Segment Start: Entries provided
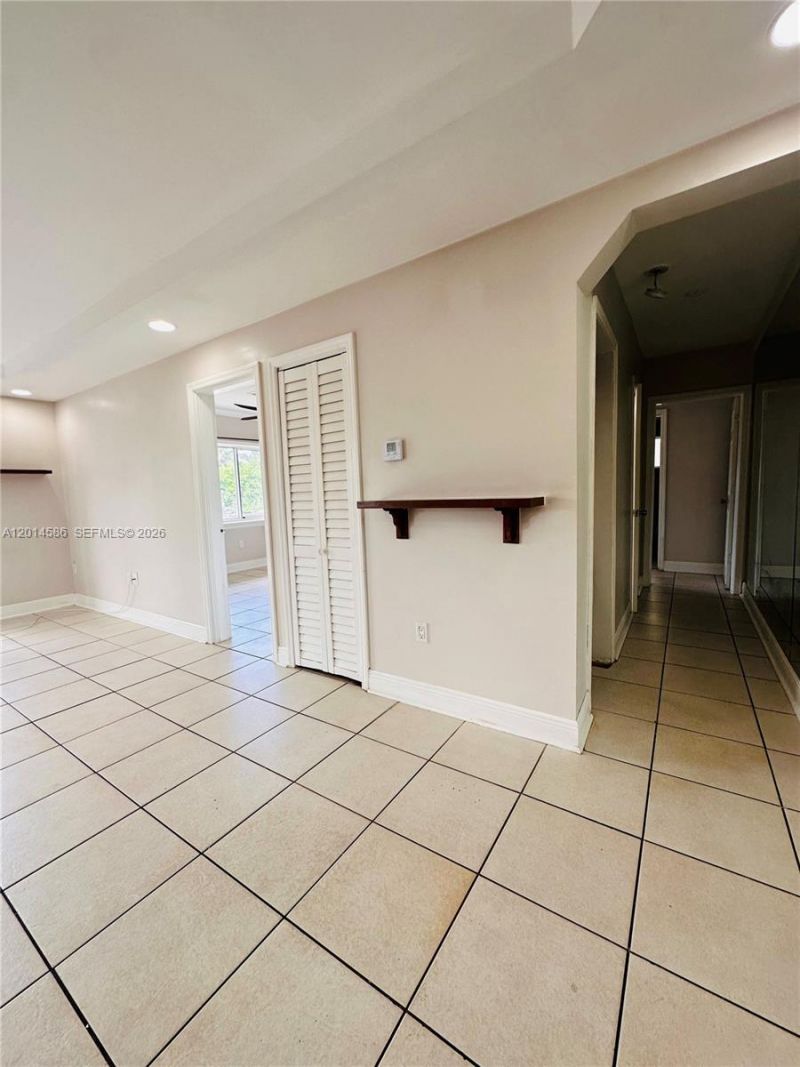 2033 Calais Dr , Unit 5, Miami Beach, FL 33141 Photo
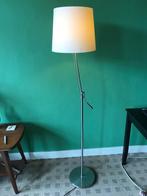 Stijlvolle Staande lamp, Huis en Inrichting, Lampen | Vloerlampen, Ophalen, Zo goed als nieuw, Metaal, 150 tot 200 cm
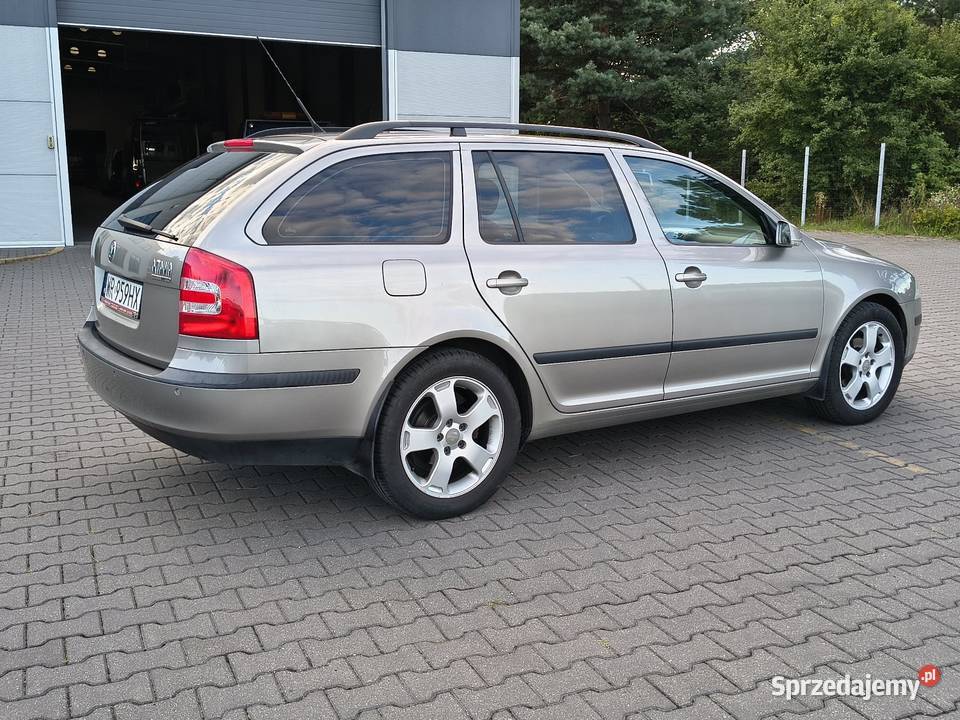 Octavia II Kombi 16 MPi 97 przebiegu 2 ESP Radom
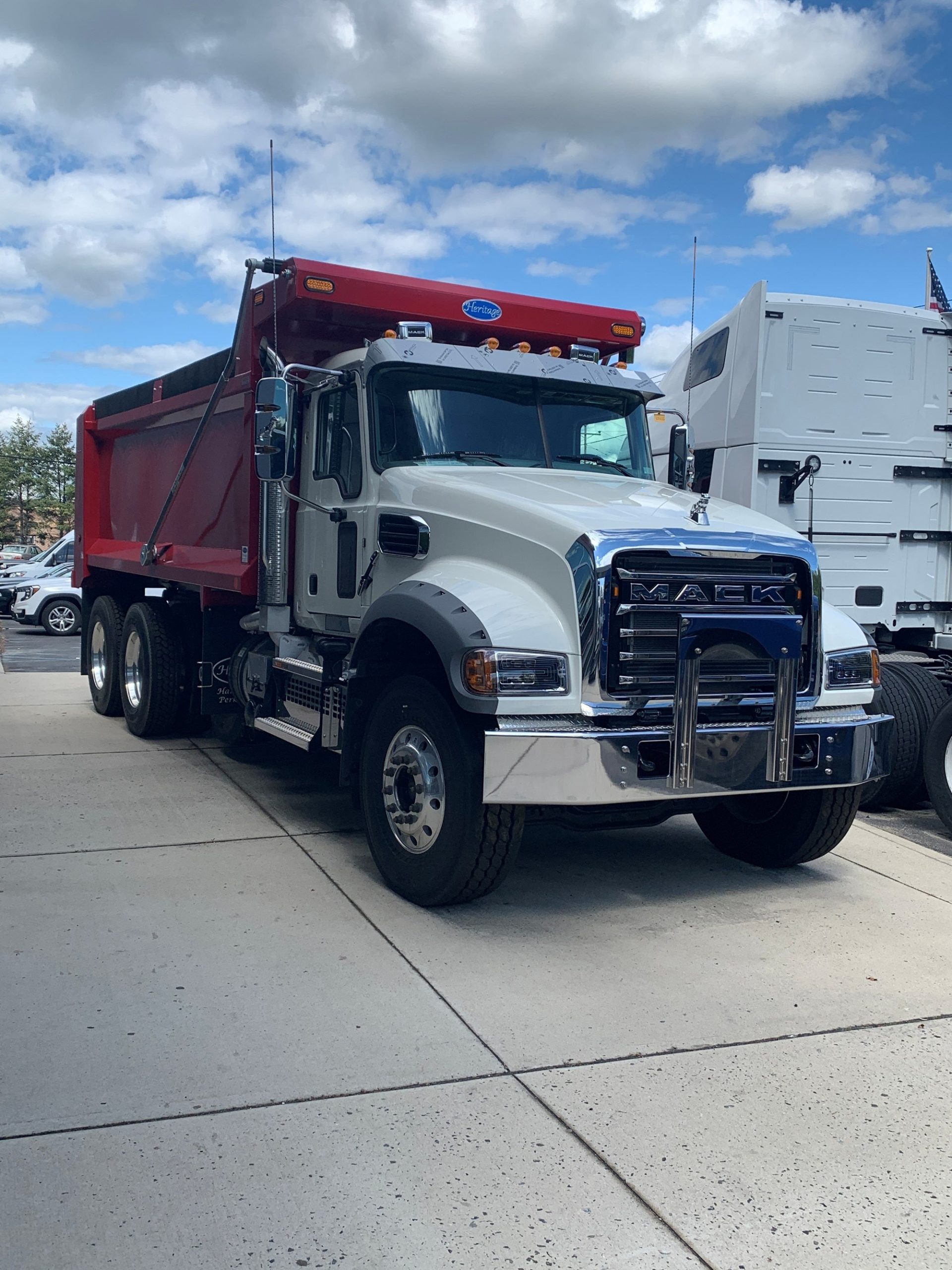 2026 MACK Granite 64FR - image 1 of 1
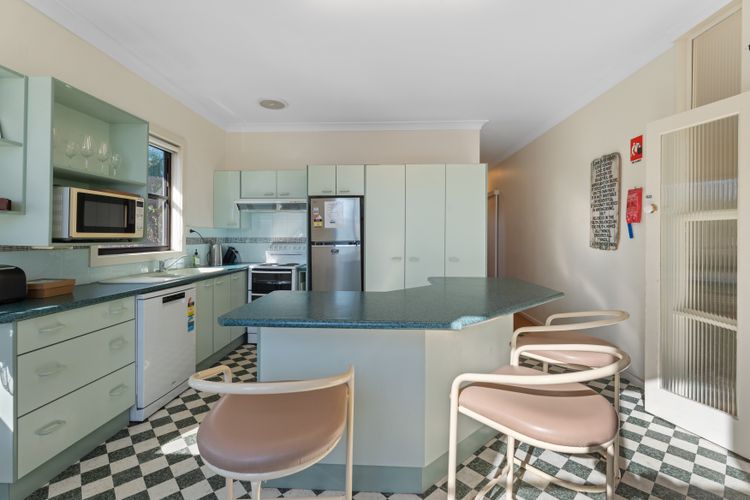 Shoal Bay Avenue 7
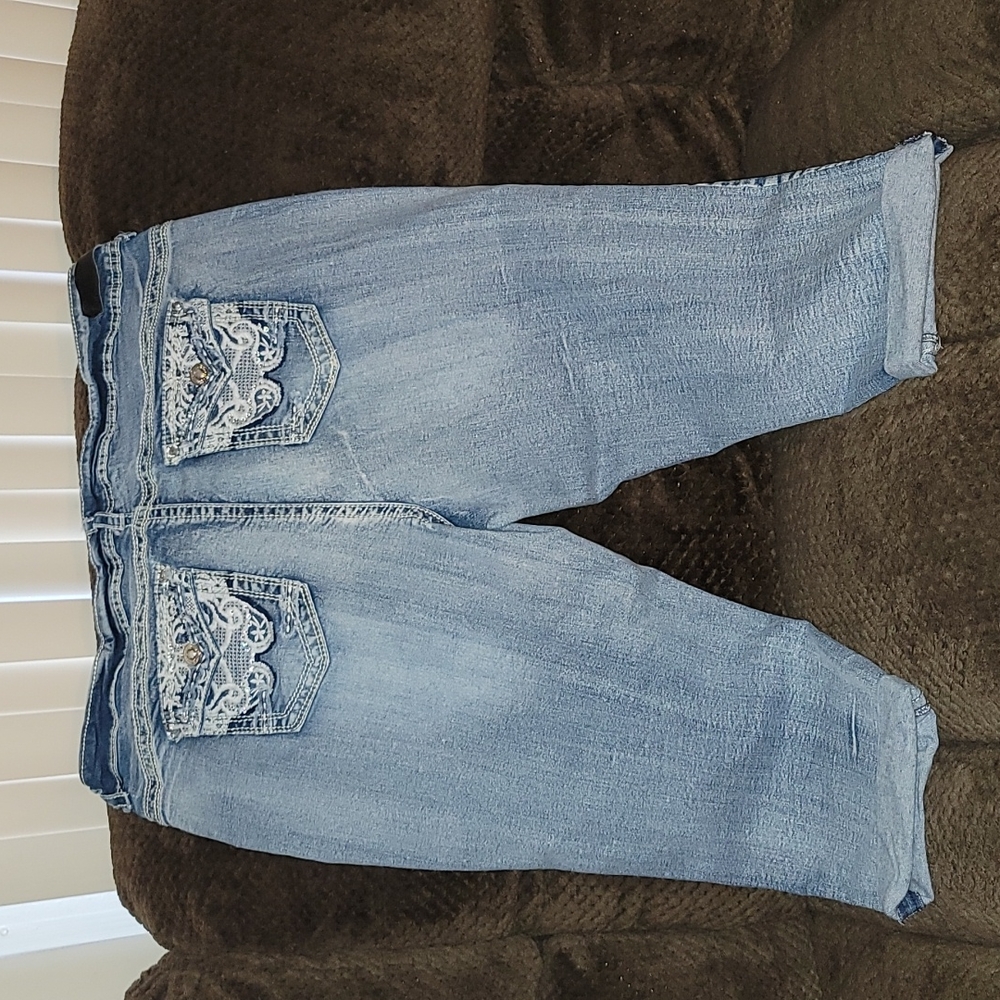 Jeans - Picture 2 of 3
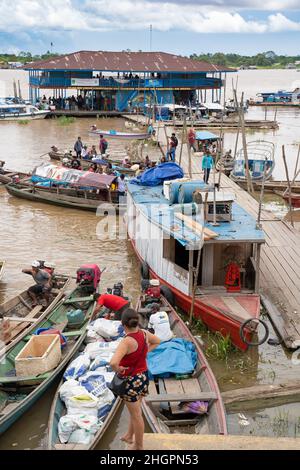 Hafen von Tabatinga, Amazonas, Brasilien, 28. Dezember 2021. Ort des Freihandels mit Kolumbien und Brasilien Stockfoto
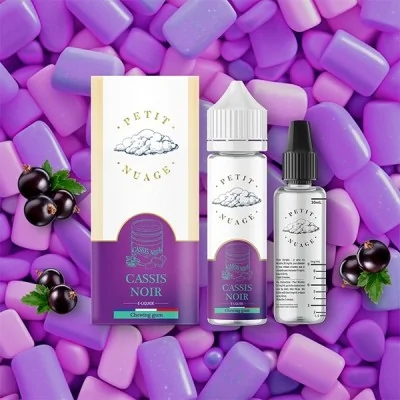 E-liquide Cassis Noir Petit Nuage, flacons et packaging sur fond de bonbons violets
Segment End: Entries provided
▸ **Task requirements**:
Retype exactly the lines above, starting at the line containing "Hafen von Tabatinga, Amazonas, Brasilien, 28." and ending with the last line, both included; leave out the pictures.

▸ **Completed task**:
 Hafen von Tabatinga, Amazonas, Brasilien, 28. Dezember 2021. Ort des Freihandels mit Kolumbien und Brasilien Stockfoto
 E-liquide Cassis Noir Petit Nuage, flacons et packaging sur fond de bonbons violets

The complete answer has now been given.